Head of state of the Principality of Abkhazia (1806–1866)

Mikhail, or Hamud Bey Sharvashidze-Chachba, from the House of Sharvashidze, (born 1806, died 1866) was the head of state of the Principality of Abkhazia and reigned from 1823 to 1864.

==Biography==
Born into an old House of Sharvashidze, ruling family of Abkhazia, he was the son of Giorgi, Prince of Abkhazia and his wife, Princess Tamar Dadiani.

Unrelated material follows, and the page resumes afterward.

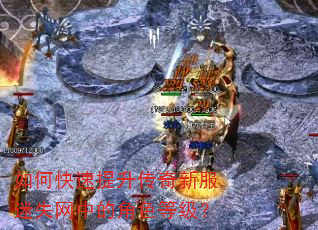 ��ο������������·���ʧ���еĽ�ɫ�ȼ���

Mikhail, who was Orthodox Christian, came to power at a time when Abkhazia had only recently been declared a protectorate of Russia, as a result of the 1810 manifesto of Tsar Alexander I. During the Crimean War of 1853–55, Abkhazia was invaded by Turkey, and Mikhail was forced to declare his loyalty to Turkey. This came back to haunt him when, in 1864, the Russians accused him of cooperating with Turkey during the war. He was subsequently exiled to Voronezh, in Russia – an act which was vastly unpopular with the Abkhaz people.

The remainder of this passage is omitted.